During the early 1920s O'Neill formed with Robert Edmond Jones and Kenneth Macgowan, a gifted producer, a "Triumvirate" that ran the Experimental Theater at the Provincetown Playhouse. While still married to Agnes, O'Neill used the help of his friend Macgowan to send roses to the beautiful actress Carlotta Monterey. O'Neill's second marriage ended in 1929. In the same year he married Carlotta Monterey, with whom he first settled in France, then in Sea Island, Georgia, and finally in California. O'Neill saw his children infrequently. He disinherited his son Shane because he did not approve of his son's life style, and his daughter Oona, because at the age of eighteen she married Charles Chaplin.
The Pulitzer winning BEYOND THE HORIZON (pub. 1920) was O'Neill's first important play. The story depicts two brothers, Andrew, the elder a practical realist, and the younger, Robert, a poetic idealist. Robert is incapable of managing the family farm. When Andrew returns from a long voyage, successful and wealthy, he finds Robert dying of tuberculosis. On his deathbed, Robert still dreams of freedom beyond the horizon. After H.L. Mencken's criticism of WELDED (1924) O'Neill wrote to the critic George Jean Nathan: "Damn that word, 'realism!' When I first spoke to you of the play as a 'last word in realism,' I meant something 'really real,' in the sense of being spiritually true, not meticulously life-like." (from Selected Letters of Eugene O'Neill, edited by Travis Bogard and Jackson R. Bryer, 1988)
Mourning Becomes Electra, based on Aeschylus's Orestean trilogy, was O'Neill's version of the tragedy of the house of Atreus, set in 19th-century New England. The action centers around Lavinia (Electra). General Ezra Mannon, on his return from the American Civil war, is murdered by his wife Christine. Lavinia avenges her father's murder by persuading her brother, Orin (Orestes), to kill her mother's lover. The murder is followed by the suicide of the mother. Orin goes mad when he discovers that he has an incestuous passion for his sister. Lavinia locks herself in the family mansion, surrounded by the ghosts of the past.
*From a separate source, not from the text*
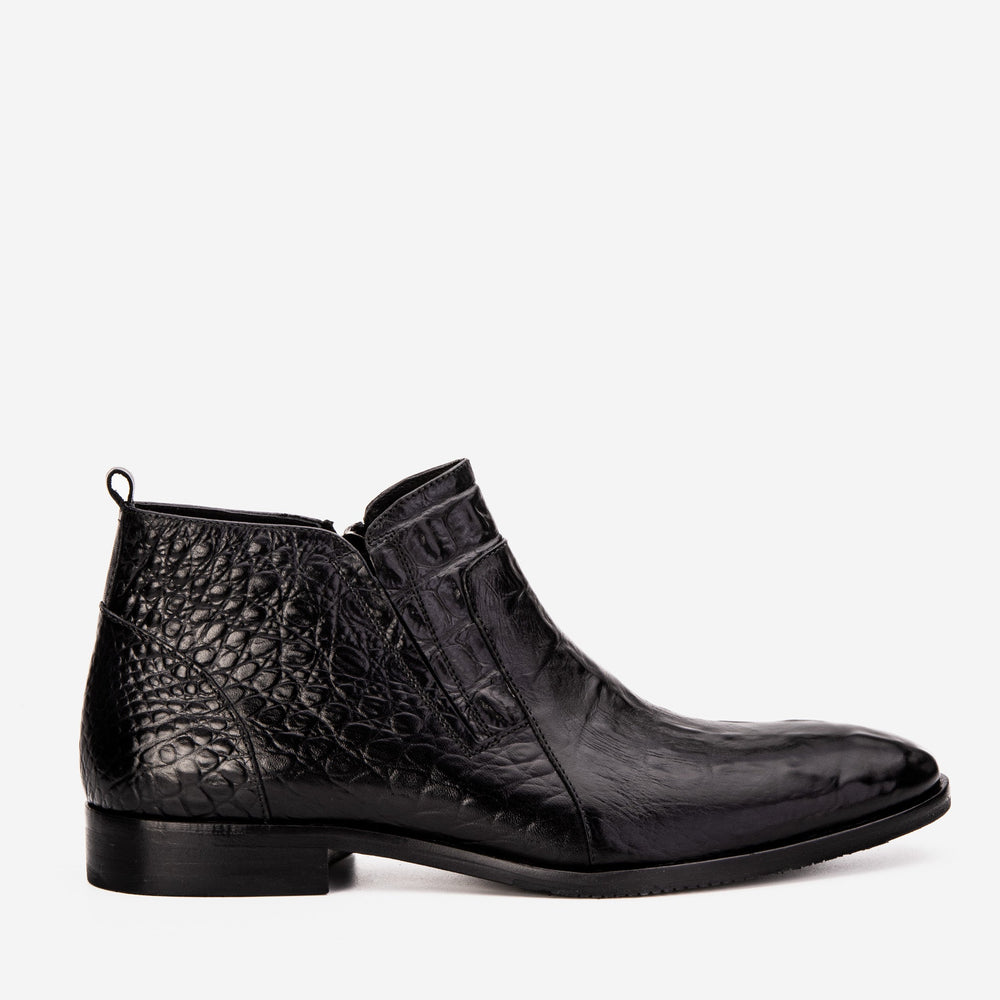 The Randor Black Crocodile Leather Side-Zip Dress Ankle Boot - Vinci Leather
In 1935 O'Neill began work on a cycle of eleven plays, with the theme of the turmoils of American materialism. The cycle was never completed - only two plays have survived. On his final productive period O'Neill wrote Long Day's Journey into Night, an agonized portrait of his own family, the Tyrones in the play. Again the action takes place in one room. Mary Tyrone returns to her dope addiction: "None of us can help the things life has done to us" says Mary. Edmund, based on the author himself, is stricken with tuberculosis. The play was awarded the Pulitzer Prize in 1957. HUGHIE (pub. 1959) was a story about a small time gambler, and A MOON FOR THE MISBEGOTTEN (pub. 1952) continued O'Neill's family history of the Tyrones.
The Iceman Cometh is perhaps the finest of O'Neill's tragedies. The story is set in a dockside bar on the lower west side of New York City. It concerns a group of drunken derelicts who spend their time in the back room of Henry Hope's saloon where they discuss their hopeless lives. One man wants to get back into the police force, another to be re-elected as a politician. Their daily routines are shattered when Hickey, a salesman and the son of a preacher, appears as a messiah, and encourages them to start rehabilitation. They find out that their new hero is himself a madman and murderer, who has killed his wife, and lapse once more into their comfortable world of whiskey.
Poor health prevented O'Neill from attending the Nobel ceremonies in Stockholm, Sweden. His remaining creative years were characterized by long periods of illness. After a failed production of A Moon for the Misbegotten in 1943, he wrote no major new plays. O'Neill became gradually paralyzed and he died on November 27, 1953 in Boston. He wrote 45 plays.